Aztec, a privacy-first Ethereum L2 protocol, has recently experienced another exploit. Aztec has undergone 2nd exploit within 3 days, leading to the loss of more than $4 million. As per the official announcement of Aztec Labs, the platform is investigating the matter for suitable solutions. In this attack, the exploiters targeted the Aztec Private Rollup Bridge on the 17th of June.
We are investigating a potential exploit affecting a deprecated Aztec payments product from 2021. ~$2m was transferred from the immutable smart contract in transaction: https://t.co/FS4JoNnfiJ
— Aztec Labs (@AztecLabs_) June 18, 2026
The deprecated product is an immutable stage 2 rollup that was sunset in 2022.…

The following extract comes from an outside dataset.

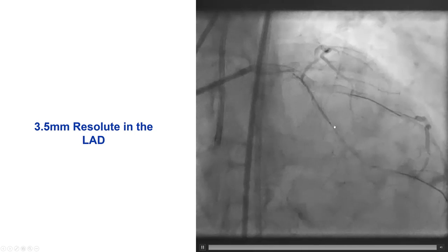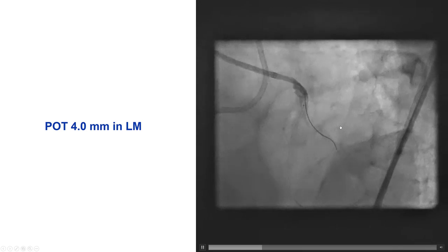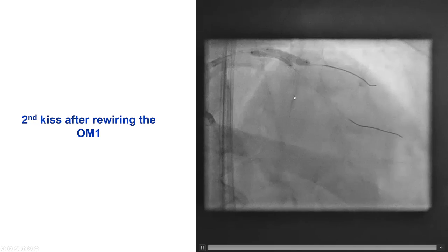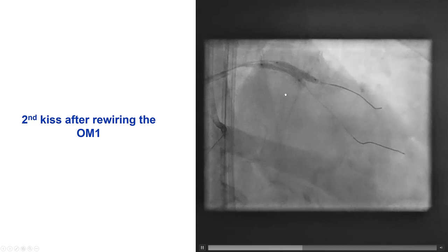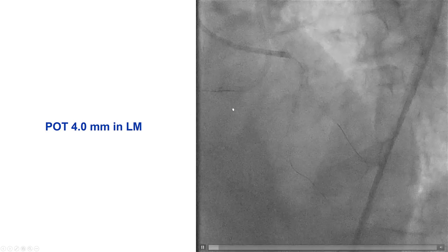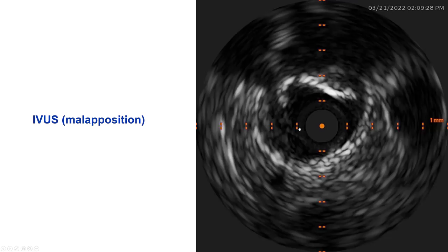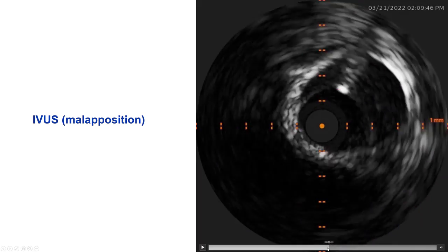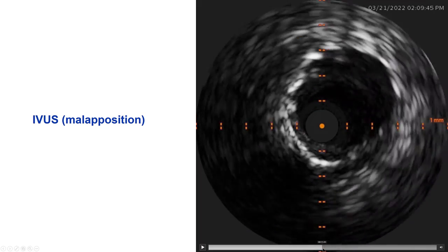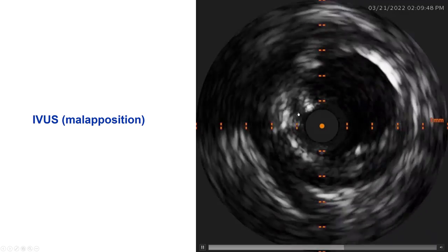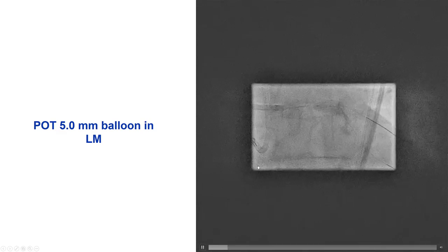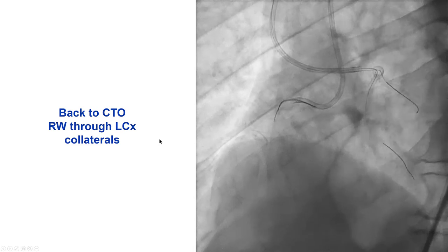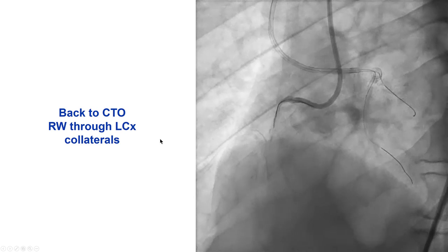We then placed the stent from the left main into the LAD, did the proximal optimization with a 4.0 millimeter balloon, rewired into the circumflex, and did the second kissing balloon inflation and a repeat POT. Intravascular ultrasound showed good expansion but there was some stent malapposition more proximally towards the proximal end of the left main. That is why we decided to do POT with a 5.0 millimeter balloon, which gave a nice result.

Aztec Private Bridge Exploit Raises Losses to $4M after Attack of June 14
As PeckShieldAlert disclosed based on the data from Etherscan, the 2nd exploit targeting Aztec within three days has increased the total losses beyond the $4M mark. In this respect, on June 17, the exploiters attacked the Aztec Private Bridge and effectively siphoned off nearly $2.165M in cryptocurrency. The respective activity included up to 1,158 $ETH, equaling a cumulative amount of over $2M as ETH/USDT is trading around $1,747, 0.47 $renBTC, and 150,000 $DAI.
#PeckShieldAlert The @aztecnetwork Private Rollup Bridge has suffered an exploit, resulting in a loss of ~$2.165M worth of cryptos, including 1.158K $ETH , 150K $DAI & 0.47 $renBTC
— PeckShieldAlert (@PeckShieldAlert) June 18, 2026
The exploiter was originally funded with 0.134 $ETH from #HitBTC . pic.twitter.com/CHZOOQ1eDW
Additionally, the exploit took place just after the 14th June breach that targeted the defunct Aztec Connect product. The respective product had already resulted in significant harm to the network. Together, these events underscore persistent vulnerabilities existing in Aztec’s rollup model, while also signifying the sophisticated techniques of the exploiters who focus on immutable smart contracts.
At the same time, PeckShieldAlert also revealed that the exploiter first received funding of 0.134 $ETH coins from HitBTC ahead of conducting the exploit. Subsequently, the attacker transacted $2,007,184.56 (1,158 $ETH) to the Aztec Private Rollup Bridge. Keeping this in view, the attacker utilized the escapeHatch function and circumvented the security safeguards to drain the capital. While reflecting on this matter, Aztec Labs mentioned that the impacted product was a payment rollup that was defunct from 2021.
Aztec Confirms No Administrative Control Over Exploited Contract
According to Aztec Labs, the affected product is an immutable contract, and the platform cannot pause, upgrade, or control it. This left no administrative resource for Aztec Labs to stop the exploit. The company also clarified that this incident is different from the defunct Aztec Connect product’s exploit that occurred on June 14. Overall, incurring a staggering loss of more than $4M within less than a week raises challenges for Aztec while also denoting growing concerns amid the evolving expertise of the DeFi exploiters.